Kubernetes has changed the way I operate software. Whole classes of production problems have disappeared-, arguably to be replaced by others. But such is the way of the world. All told I’m happier operating a microservices app today than I was before I started using Kubernetes.
When I’m writing software, though, Kuberentes has only made things harder. In this post I want to walk through all of the problems I have encountered developing software on Kubernetes. Full disclosure: While I work on Tilt as part of my job, which we have designed to solve some of these problems, another part of my job is writing software that runs on Kubernetes. When there’s another tool that solves a problem better than Tilt, I’ll use that.

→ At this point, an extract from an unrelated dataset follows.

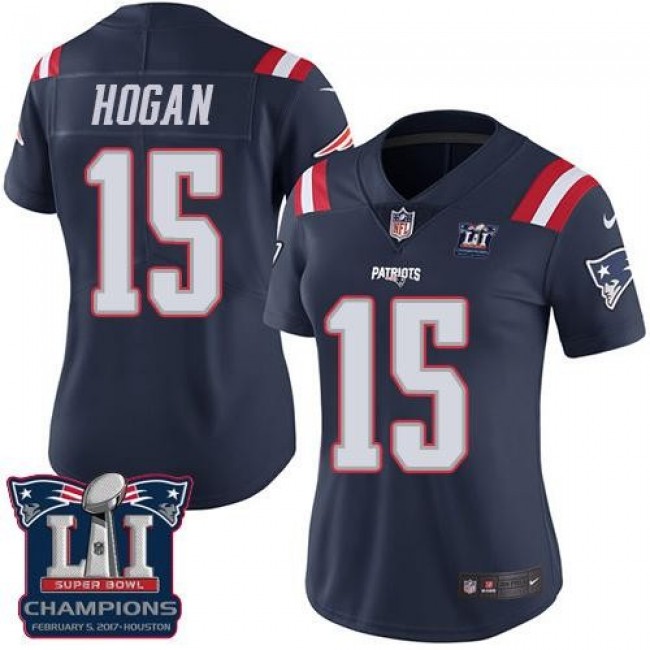 Women's Patriots #15 Chris Hogan Navy Blue Super Bowl LI Champions Stitched NFL Limited Rush Jersey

So, how does developing on Kubernetes suck? Let me count the ways.
Myriad Dev Environments
Minikube, MicroK8s, Docker for Mac, KIND, the list kind of goes on. All of these are local Kubernetes environments. In other words: they’re Kubernetes, but on your laptop. Instead of having to go out to the network to talk to a big Kubernetes cluster (that might be interacting with production data) you can spin up a small cluster on your laptop to check things out.
The problem comes when you want to run code/Kubernetes configs on multiple of these clusters because they each have their own… let’s call them quirks. They don’t behave identically to one another, or identically to a real Kubernetes cluster. I won’t enumerate these discrepancies here, but I’ll refer to this problem throughout this blog post when discussing thorny issues like networking and authentication.
There’s no tool I’m aware of that solves these problems aside from just doing your development in a real Kubernetes cluster in the cloud, which is the way I prefer to work these days. If you’re in the market for a local dev cluster we recently published a guide to choosing a dev cluster to help make sense of all the options.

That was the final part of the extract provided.